EXERCISE INSTRUCTIONS:
Reproduce exactly, leaving out pictures, each line from the one holding "Apartament la casă ultracentral - 2" through the final line of the listing, and add nothing.

INPUT DATA:

::::::::::

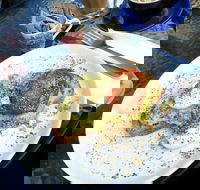 Simply D'Vine - Sunshine Coast Guide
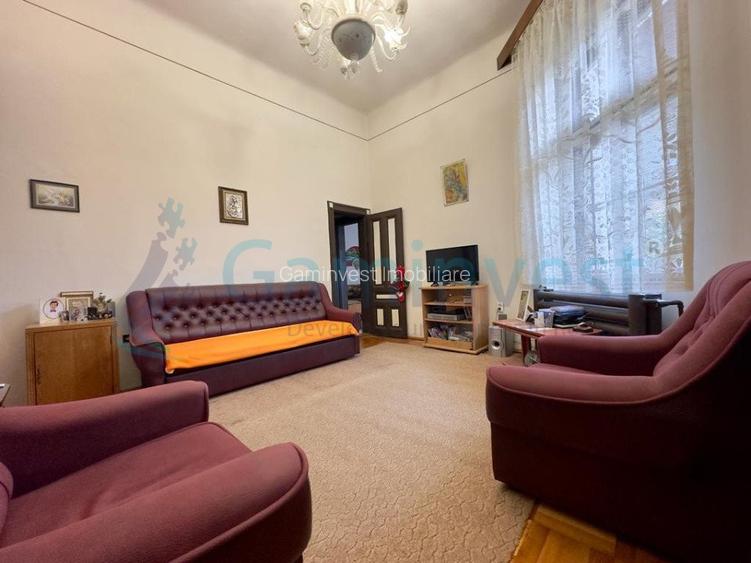 Apartament la casă ultracentral - 2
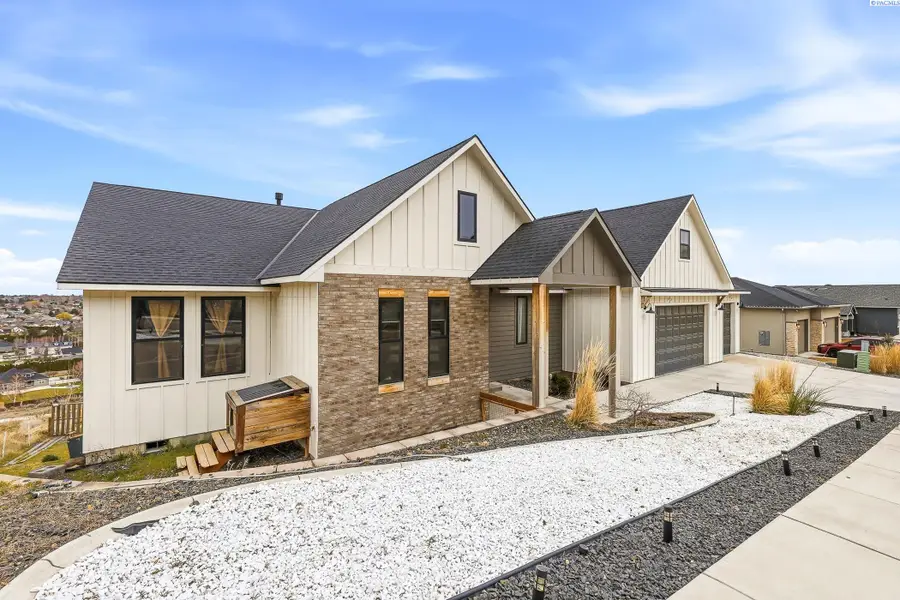 5520 Hershey Ln., West Richland, WA 99353 - #2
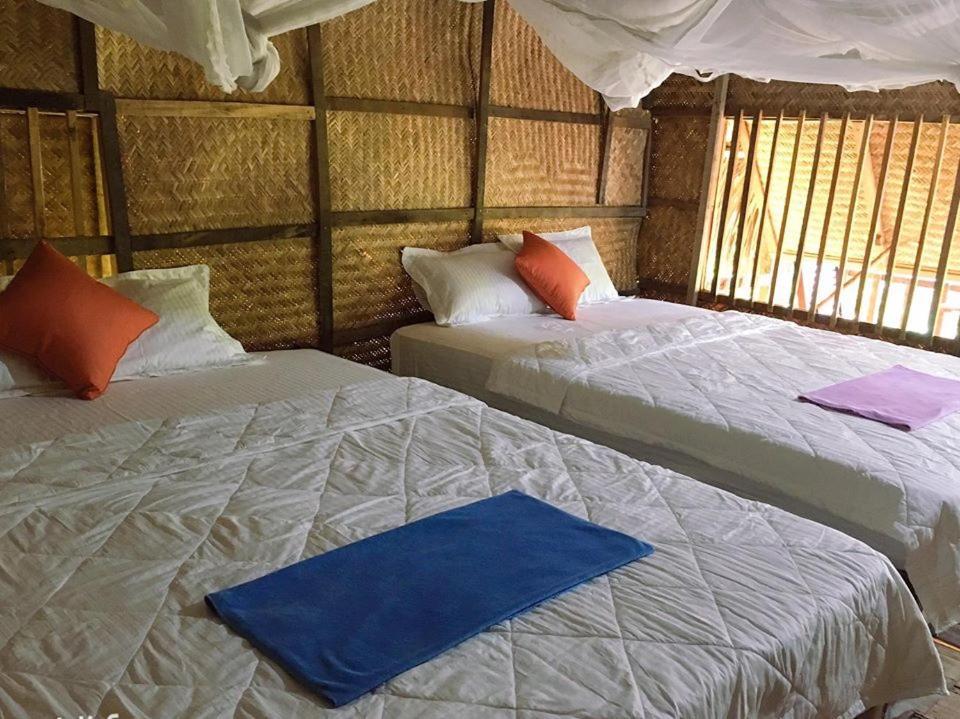 Sunny Field Eco Stilt House Villa Cát Tiên Eksteriør billede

::::::::::

TASK RESULT:
 Apartament la casă ultracentral - 2
 5520 Hershey Ln., West Richland, WA 99353 - #2
 Sunny Field Eco Stilt House Villa Cát Tiên Eksteriør billede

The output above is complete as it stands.